Temuan kelima, jenis rokok yang paling banyak dikonsumsi anak jalanan merupakan rokok golongan 1 yaitu rokok dengan tarif cukai yang paling mahal. Namun, sebagian anak jalanan masih berniat pindah ke produk rokok dengan harga yang lebih murah apabila harga rokok naik.
Kemudian, temuan keenam adalah edukasi bahaya merokok belum berhasil membuat anak jalanan berhenti merokok. Temuan ketujuh yaitu efek jangka pendek kondisi ekonomi akibat dari perilaku merokok yaitu pemborosan, mengurangi pendapatan, dan hanya kegiatan berupa membakar uang. Selain itu, efek penurunan kondisi kesehatan yang dirasakan oleh sebagian besar informan anak jalanan yaitu menjadi sering batuk-batuk, lebih mudah mengalami kelelahan, hingga masalah paru-paru.

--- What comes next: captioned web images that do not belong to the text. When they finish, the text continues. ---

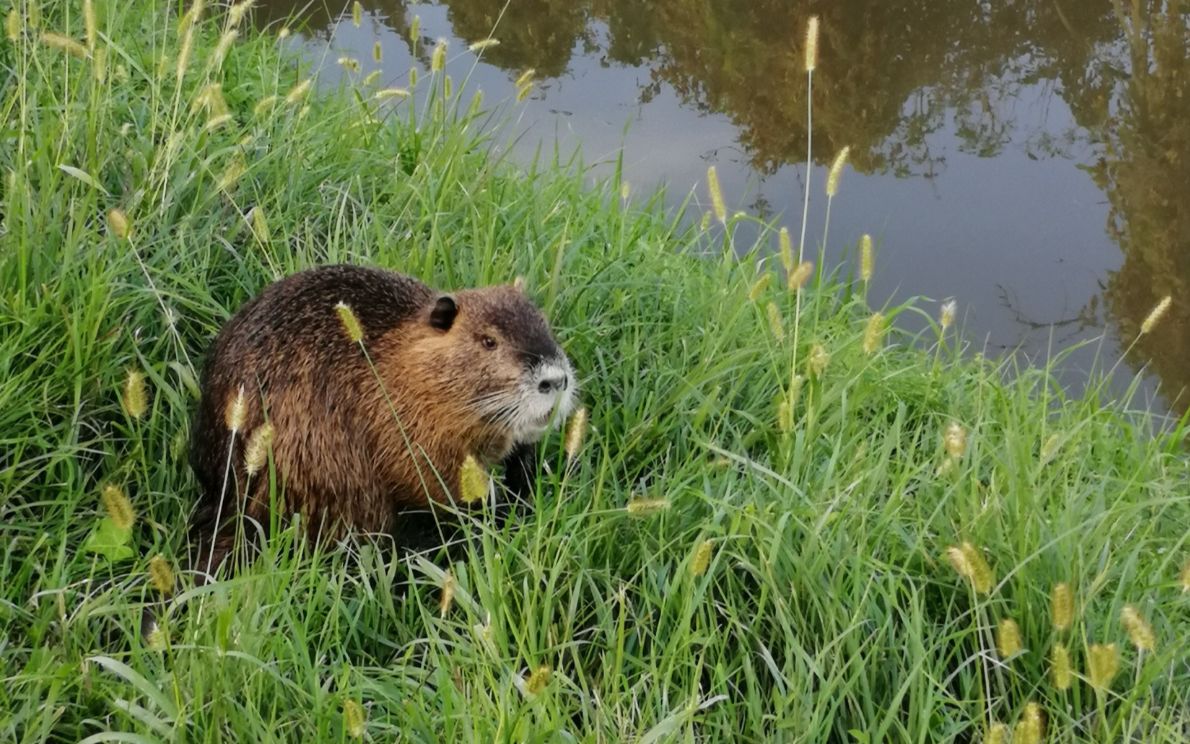 Nutrie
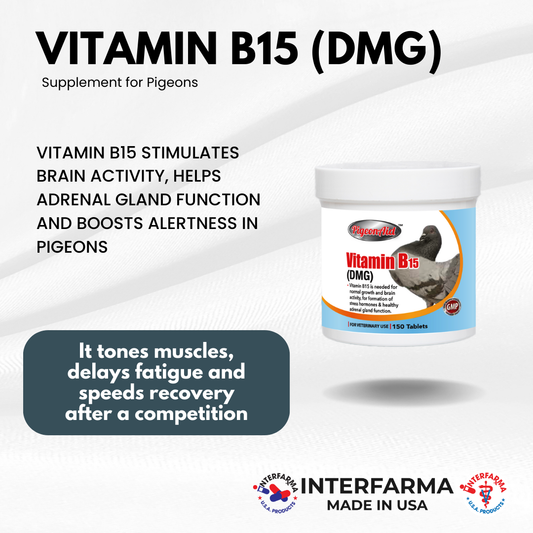 Vitamin B15 (DMG) (150 Tablets)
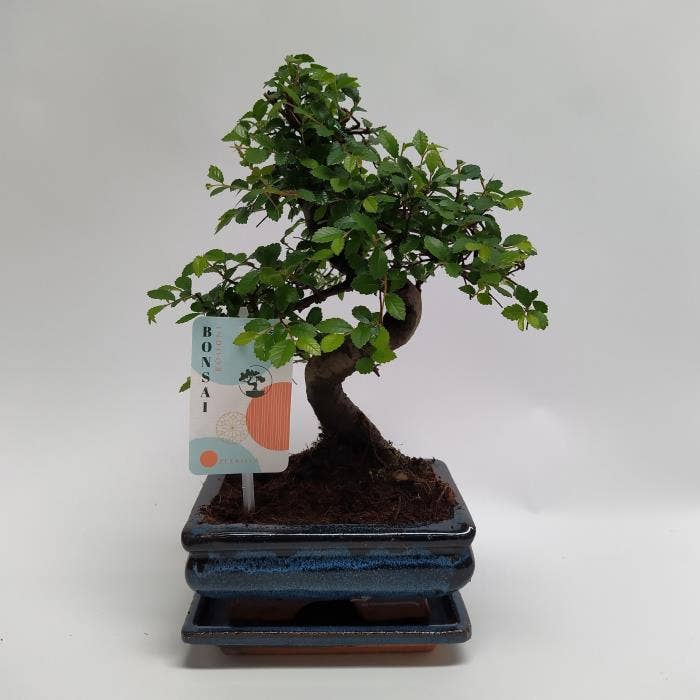 Zelkova S-shape Bonsai 'Traditional' 15 cm + Schot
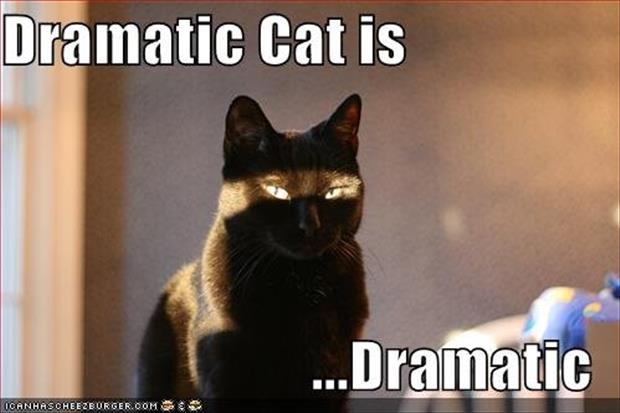 icanhascheezburger memes - Dramatic Cat is ...Dramatic Icanhascheezburgeroom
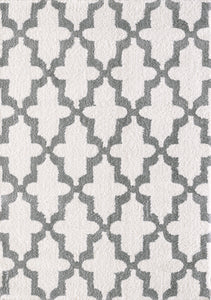 Dynamic Rugs Silky Shag 5906-110 White/Silver Area Rug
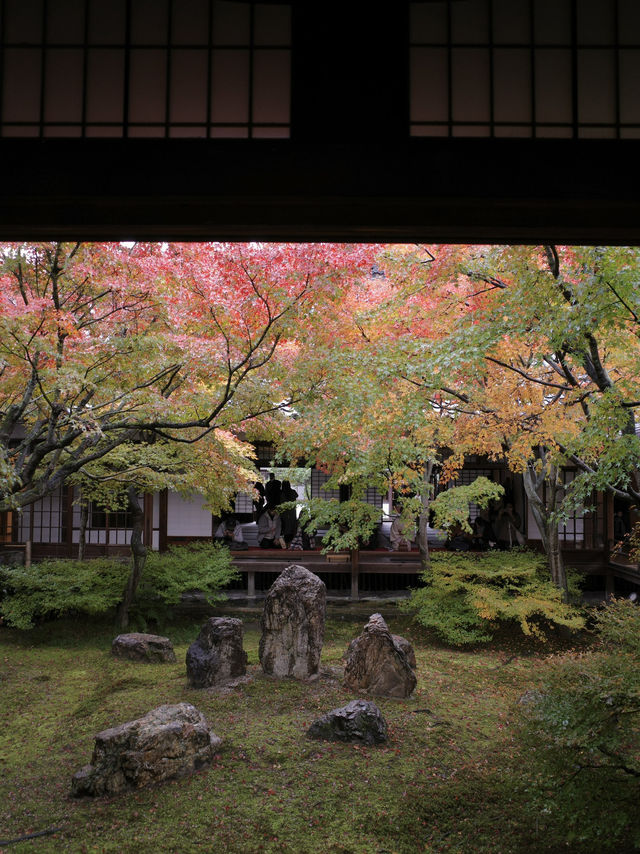🍂【京都 祇園】心に風が吹くような静けさ。「建仁寺」で、禅と美の時間を🌬️🪷 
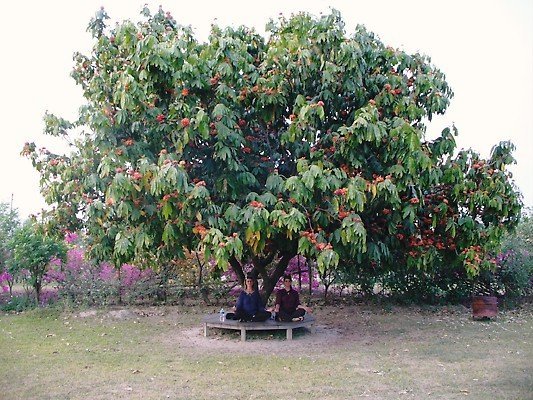 Meditating under the bows of a tree in the garden at Lumbini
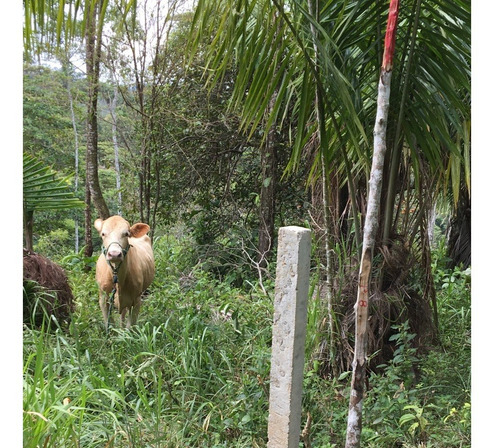 Imagen 15 de 23 de Finca 32 Has/lotes De 3 Has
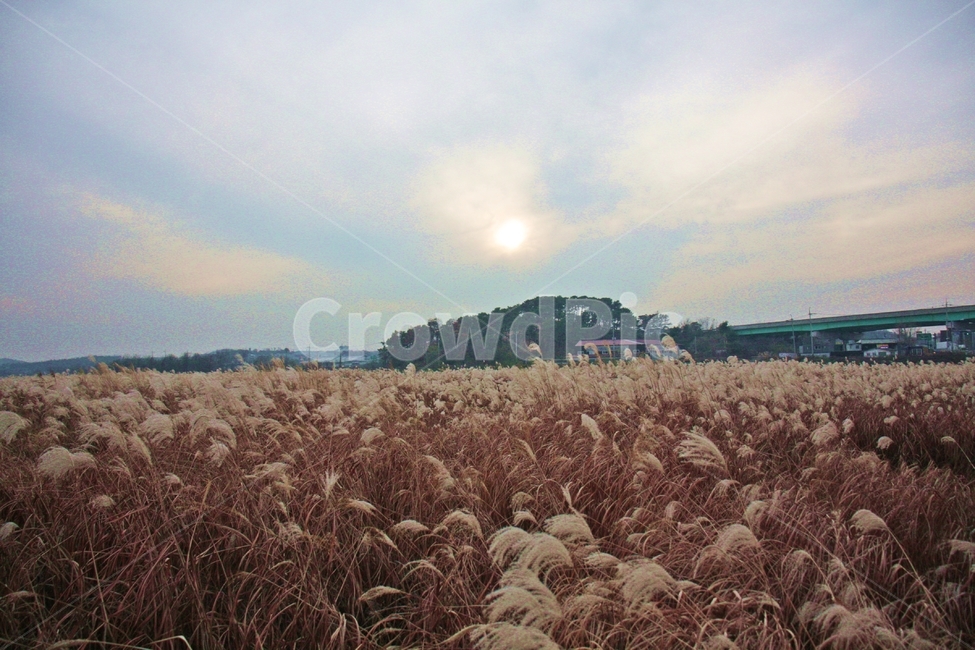 plant,식물,weeds,갈대,sunset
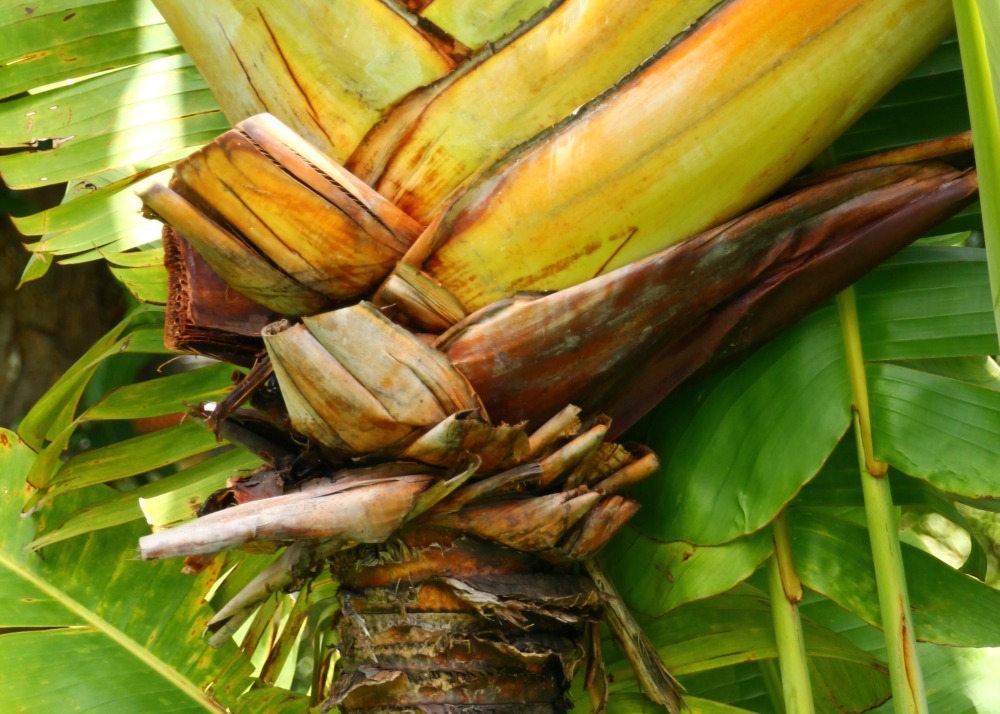 Kit cadeau - arbre du voyageur - 8 graines - ravenala madagascariensis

Sementara itu, Tim Riset dan Manajer Program PKJS-UI Renny Nurhasana menambahkan, konsumsi rokok pada anak jalanan dapat mengakibatkan mereka terjebak pada jurang kemiskinan. Ini terjadi karena anak rentan mengalami penurunan produktivitas akibat dari penurunan kondisi kesehatan di masa depan.
Studi menyimpulkan bahwa rokok masih sangat mudah dijangkau oleh anak jalanan yang disertai dengan berbagai konsekuensi merugikan. "Oleh karena itu, studi ini memberikan rekomendasi kebijakan sebagai berikut yaitu pertama menaikkan harga rokok melalui mekanisme kenaikan tarif Cukai Hasil Tembakau (CHT) agar harga rokok menjadi semakin mahal sehingga lebih tidak terjangkau oleh anak jalanan," katanya.
Ia menambahkan, studi mendukung rekomendasi dari Bappenas agar Pemerintah menaikkan cukai rokok sebesar 20 persen dan melanjutkan penyederhanaan/simplifikasi strata tarif cukai menjadi lima strata untuk dapat mencapai target penurunan prevalensi perokok anak sebesar 8,7 persen pada 2024. Rekomendasi kedua yaitu merevisi Peraturan Pemerintah 109/2012 di antaranya dengan melarang penjualan rokok ketengan agar dapat lebih melindungi anak dari bahaya rokok, serta menerapkan pelarangan penjualan rokok secara ketengan agar semakin membatasi akses rokok kepada anak.
Rekomendasi ketiga adalah pemerintah pusat maupun daerah perlu bekerja sama secara lintas sektor maupun pihak lembaga swadaya masyarakat (LSM) untuk memperbanyak program, edukasi, dan kegiatan dalam rangka pencegahan dan menekan perilaku merokok anak jalanan.